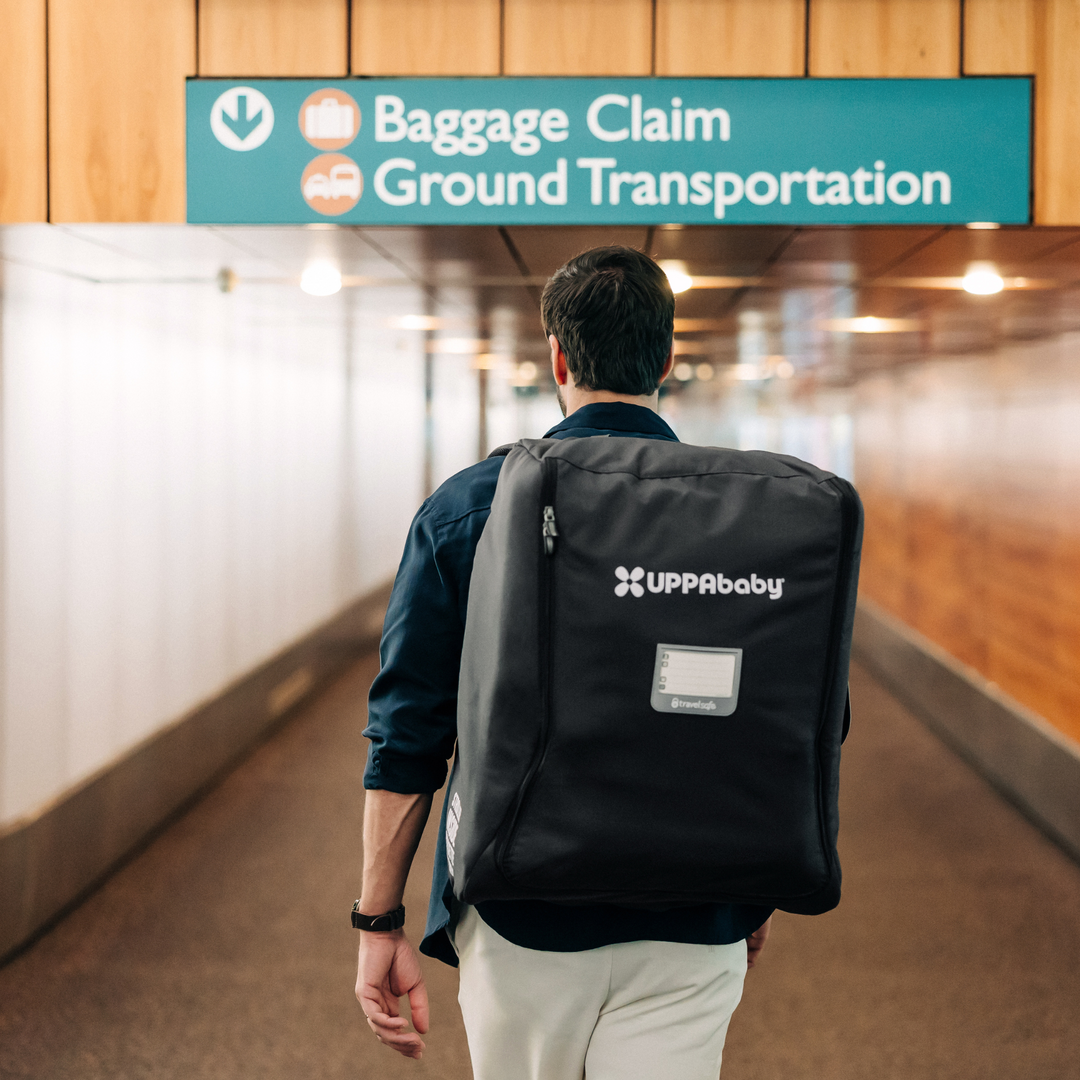 This image is of a parent walking towads the baggage claim and ground transportation area of an airport with the Minu V2 travel bag on their back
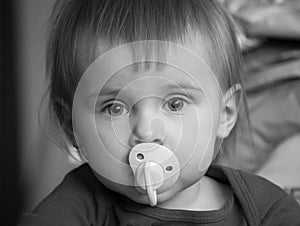 Baby with pacifier, black and white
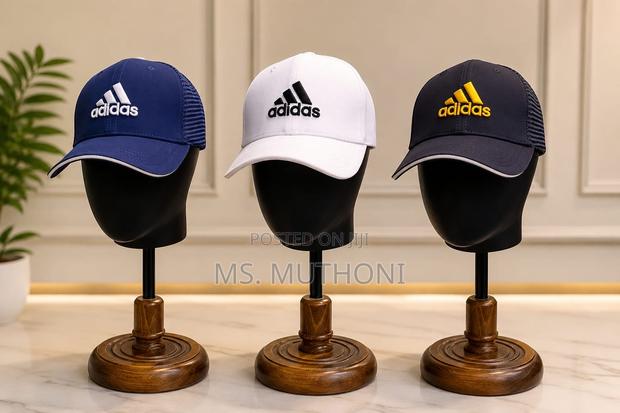 Classic Adidas Trucker Caps Featuring Breathable Mesh Back Panel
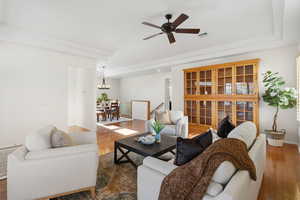 Living area featuring hardwood / wood-style flooring, ceiling fan, and a chandelier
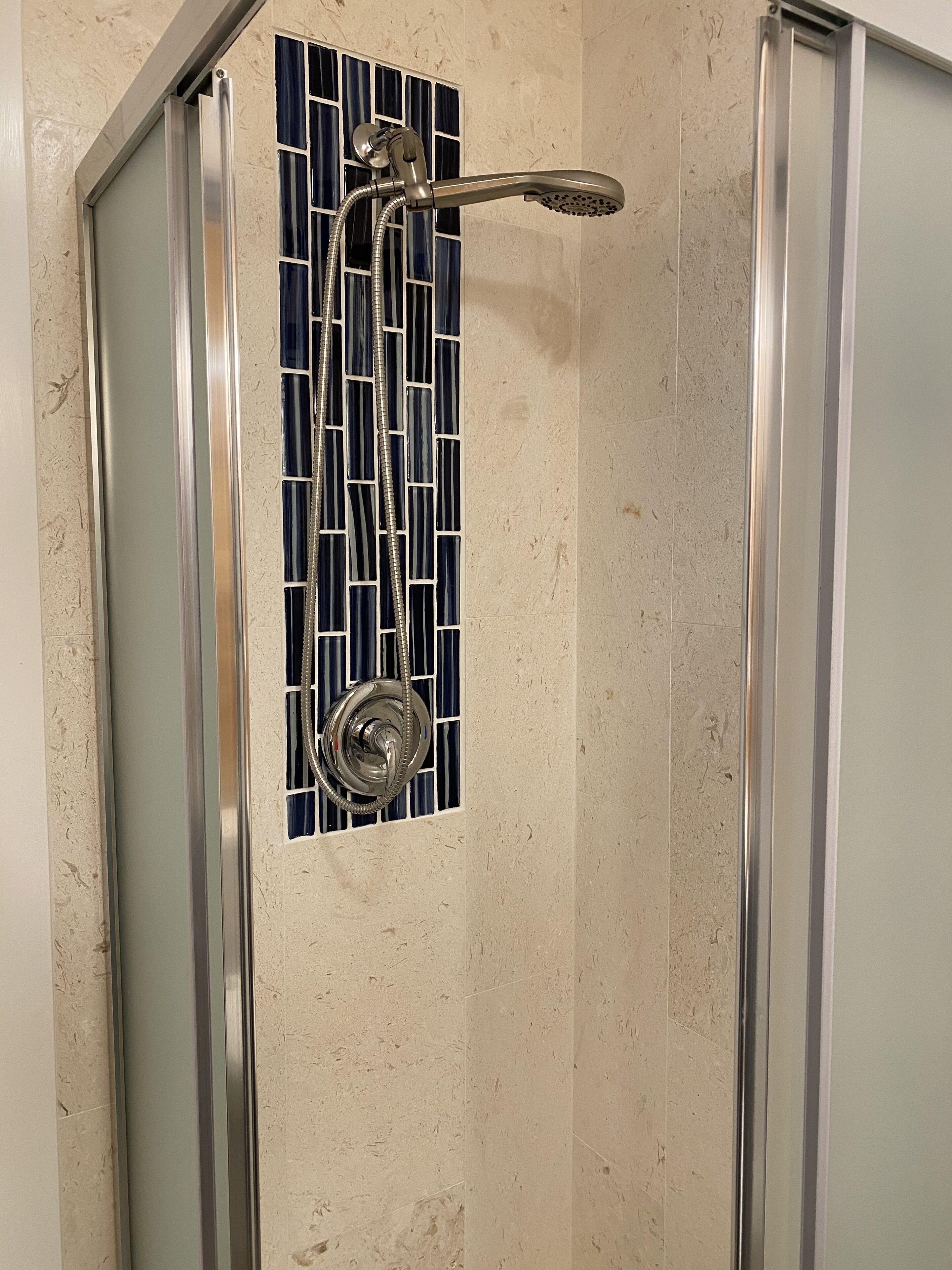 A shower with a chrome showerhead and a glass panel with a blue and white pattern.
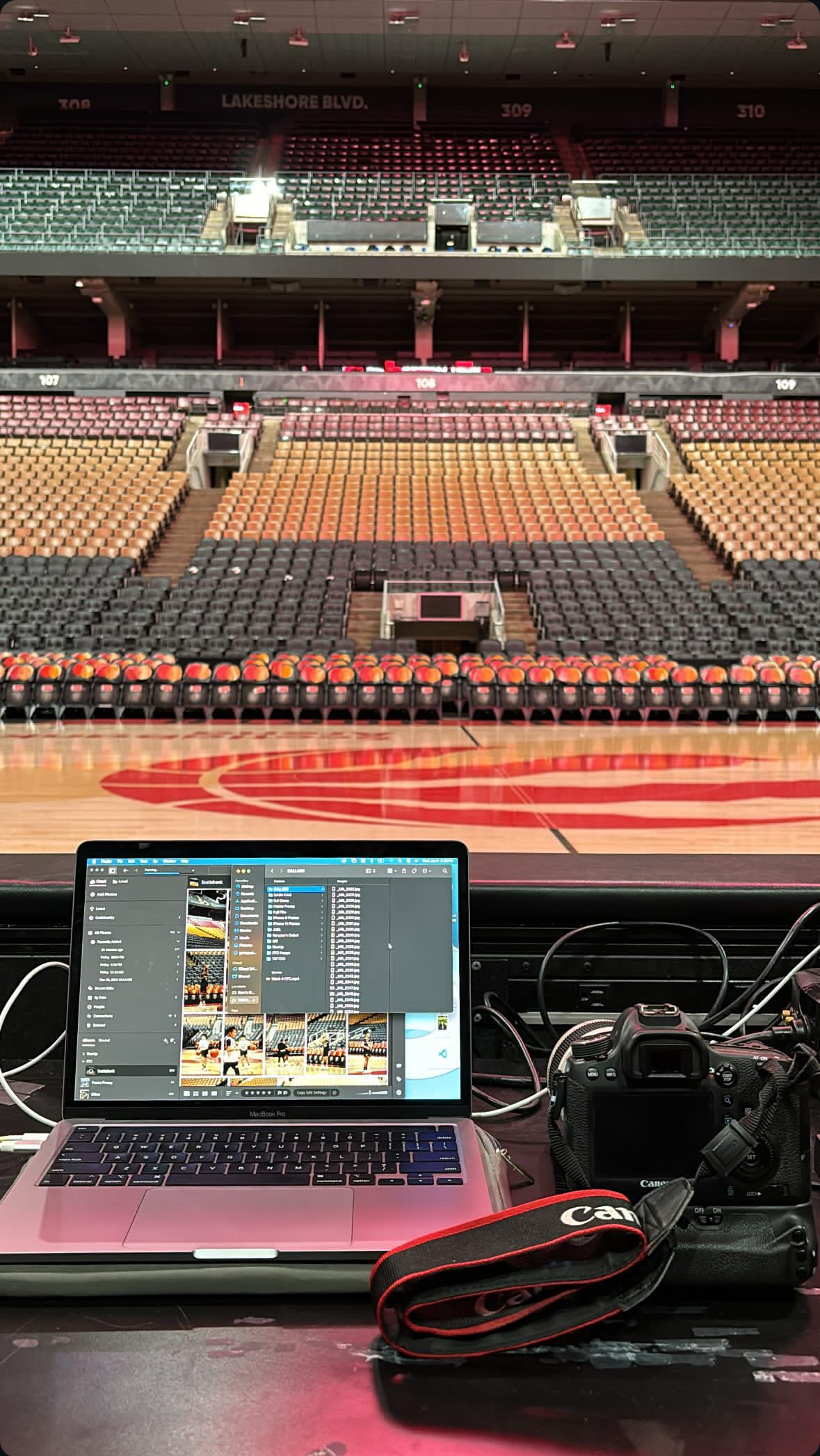 laptop and camera by a basketball court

ACTION ITEM
Begin at the line containing "Baby with pacifier, black and white" and copy every line through the end of the data above exactly, omitting the pictures.

RESPONSE AREA
 Baby with pacifier, black and white
 Classic Adidas Trucker Caps Featuring Breathable Mesh Back Panel
 Living area featuring hardwood / wood-style flooring, ceiling fan, and a chandelier
 A shower with a chrome showerhead and a glass panel with a blue and white pattern.
 laptop and camera by a basketball court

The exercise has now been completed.